Jesus said, “Or what woman having ten silver coins, if she loses one of them, does not light a lamp, sweep the house, and search carefully until she finds it? When she has found it, she calls together her friends and neighbors, saying, ‘Rejoice with me, for I have found the coin that I had lost.’” (Luke 15.8-9)
I read this yesterday—before the Democratic president candidate debate last night and before reading about President Trump’s speech last night in Baltimore.
The first impact was…all the celebration for a silver coin? Joy unbounding? Really?
Then I realized, WHAT I THINK REALLY IS TOO SELF-SERVING AND BESIDE THE POINT. WHAT MATTERS IS THE IMPORTANCE OF THAT FOR THE WOMAN WHO FOUND HER COIN.
It was THAT important to her.
No less to us. Bold I say: I am not going to deny or keep hidden who I am and what’s important to me. For. YOU do not tell me who I am! No less, I don’t tell you who you are.
Of course, that was not always operative. As a 14-year-old I was told by three of my classmates, those with whom I had been in school nine years, that I was worth nothing. Sure. It more than impacted me. Make that devastated. For THEY crafted me to their image.
I realized as years became decades, their judgment was self-serving to them. But not to me.
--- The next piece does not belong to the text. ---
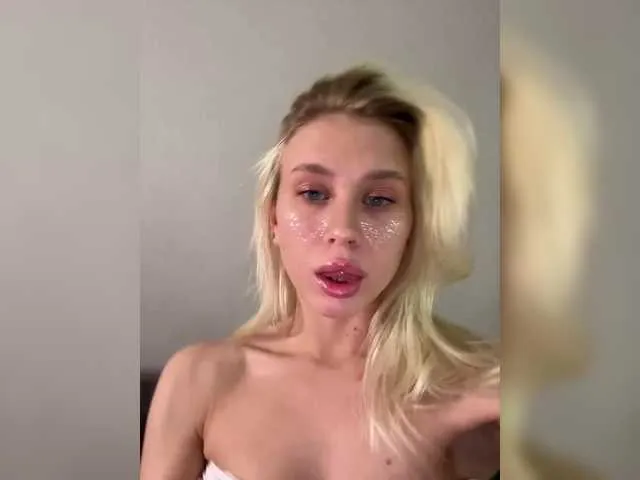 Live sex webcam photo for Sunlovv #290812018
I then read a declaration that seemed simple, yet it was motive-laced and inspiration beyond definition…from the theologian Paul Tillich: “You are accepted by God. The challenge to life and the guidance to living is to accept your acceptance.” And I add to it…don’t forget that.
So, if the found coin is important. Glee prevails.
And for each of you…no less for me. The huge challenge is to know who we are, who dat in the mirror?
And then. To live it out.
And then. I read the following from Tom Ehrich…
Okay. It’s about farming. But, it can be about…you fill in the blanks…who you are and what you do today…each day.
Hopefully. Prayerfully. The enthusiasm of the new day is more than you are still breathing. More than the sun rose. It’s to know you are accepted, the good and bad all wrapped up together. Unto itself it takes the drabness and tedium away. And, whether or not anyone is listening or looking, don’t hesitate to dance.
So. Wake up. As Tom puts it. To the new day. And don’t let anyone tell you who you are. That’s your challenge. And. No less. Mine…for me, Mark Henry Miller.
Sure hope so.
“As farming unfolds and I eagerly await the delivery of tractor implements, I think of myself as finding something I had lost. Not a silver coin, of course, and certainly not the fountain of youth. Rather, I am finding fresh enthusiasm for my days. Taking long walks wasn’t enough for me. The occasional EMT call wasn’t enough. I needed to wake up each day with work to do.”